* Work task
Repeat exactly, and nothing more, the lines from the one that includes "Elegant Black Apex Bowl 21cm - Set Of 4" through the final line of the entries; skip the pictures.
==== Given records
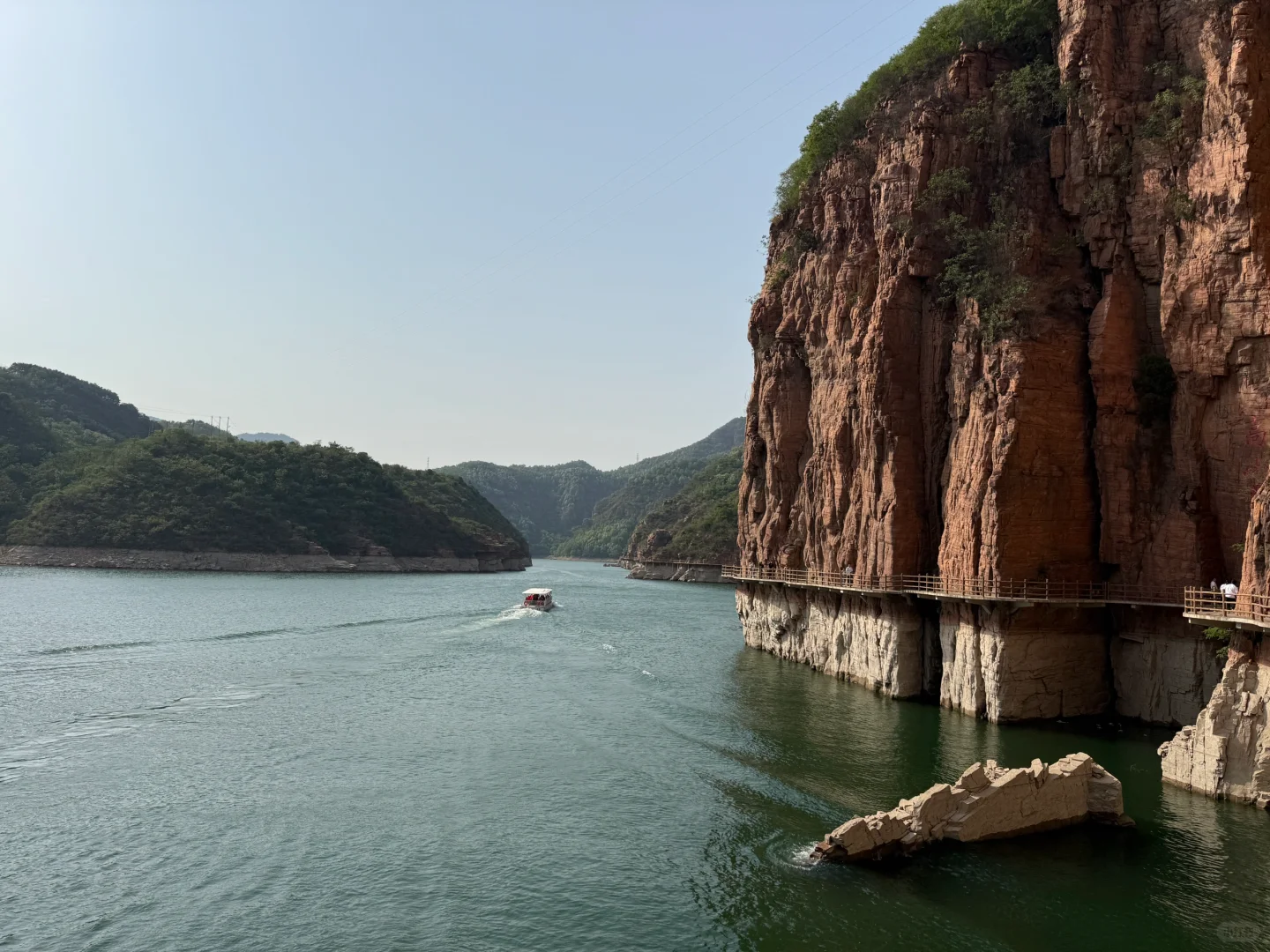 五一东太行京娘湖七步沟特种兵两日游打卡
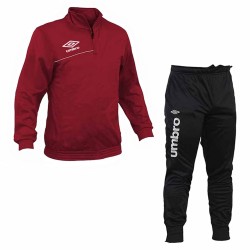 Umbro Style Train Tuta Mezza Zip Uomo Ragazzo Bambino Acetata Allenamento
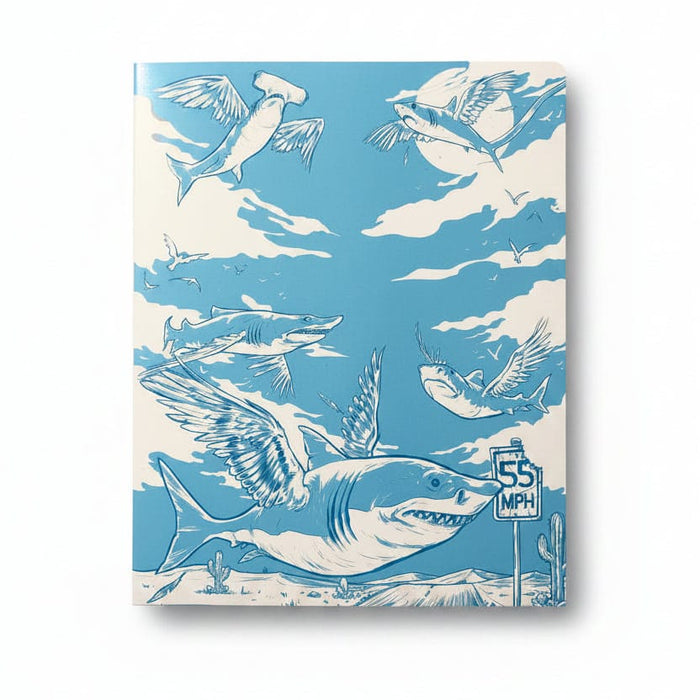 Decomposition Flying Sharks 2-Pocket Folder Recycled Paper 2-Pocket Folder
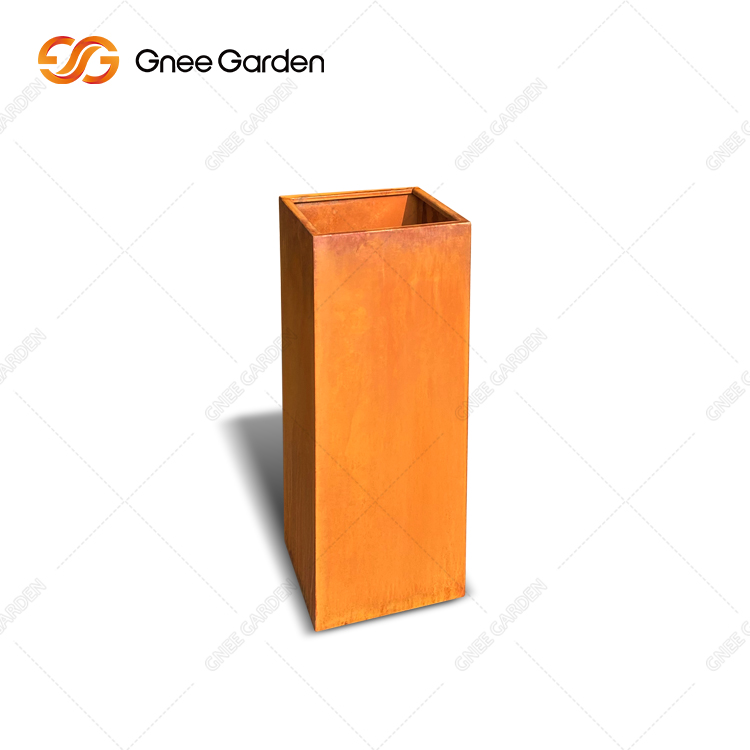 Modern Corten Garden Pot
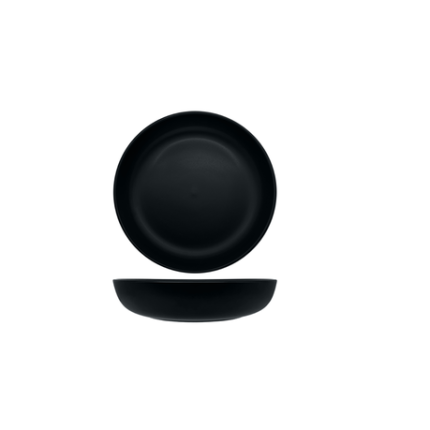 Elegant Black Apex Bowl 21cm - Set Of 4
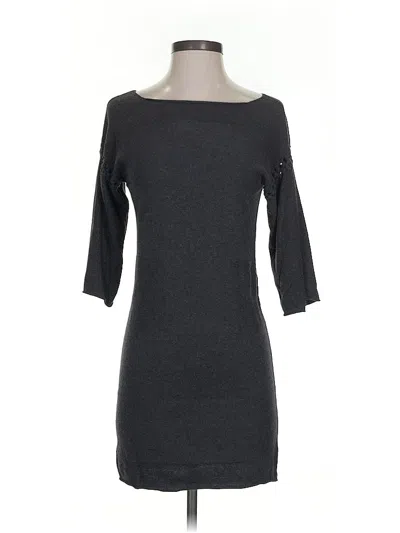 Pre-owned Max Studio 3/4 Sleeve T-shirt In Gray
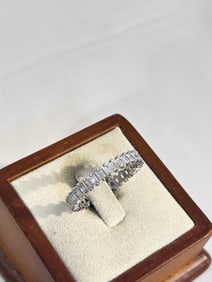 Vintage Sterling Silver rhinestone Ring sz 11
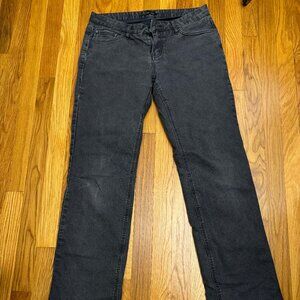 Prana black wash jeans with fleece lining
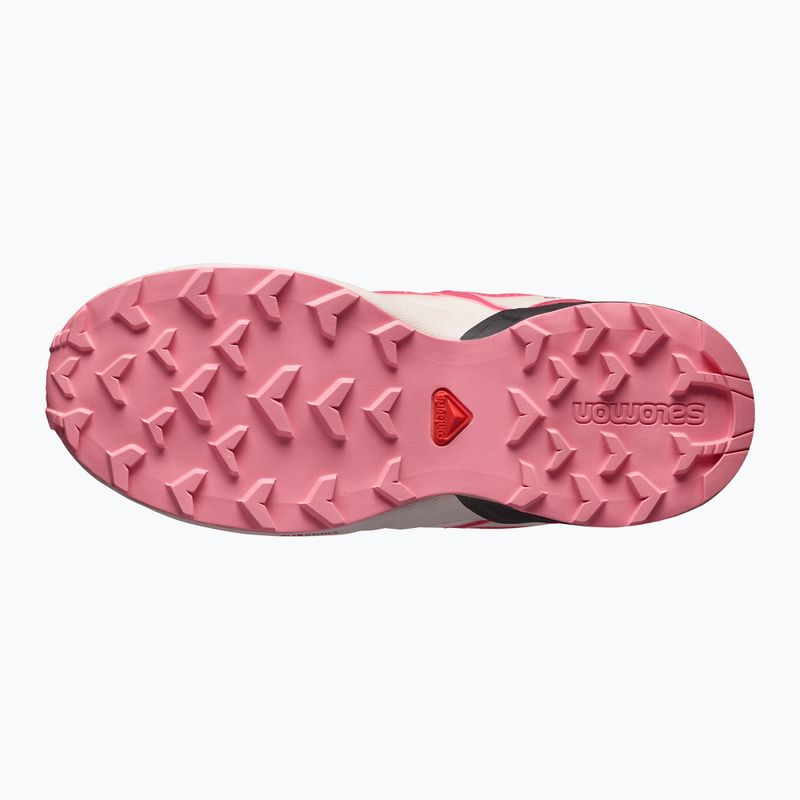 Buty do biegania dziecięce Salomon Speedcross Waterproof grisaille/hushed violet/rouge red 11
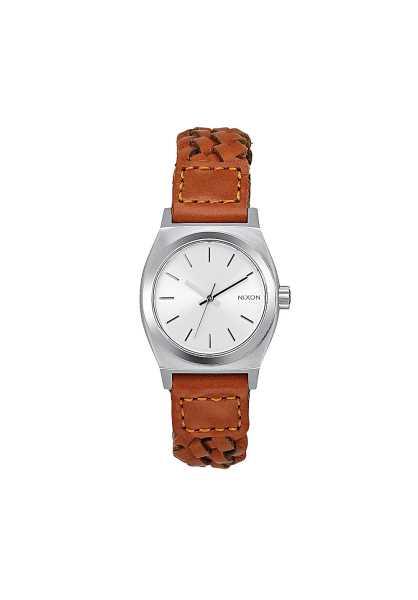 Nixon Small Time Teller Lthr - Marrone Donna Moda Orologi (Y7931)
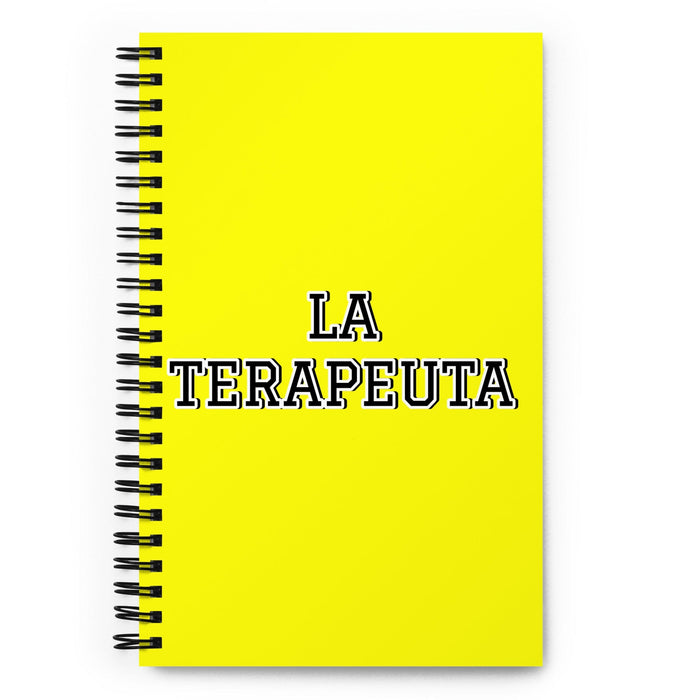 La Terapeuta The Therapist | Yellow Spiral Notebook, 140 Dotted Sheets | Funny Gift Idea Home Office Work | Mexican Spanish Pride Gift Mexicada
========
* Exercise response
 Elegant Black Apex Bowl 21cm - Set Of 4
 Pre-owned Max Studio 3/4 Sleeve T-shirt In Gray
 Vintage Sterling Silver rhinestone Ring sz 11
 Prana black wash jeans with fleece lining
 Buty do biegania dziecięce Salomon Speedcross Waterproof grisaille/hushed violet/rouge red 11
 Nixon Small Time Teller Lthr - Marrone Donna Moda Orologi (Y7931)
 La Terapeuta The Therapist | Yellow Spiral Notebook, 140 Dotted Sheets | Funny Gift Idea Home Office Work | Mexican Spanish Pride Gift Mexicada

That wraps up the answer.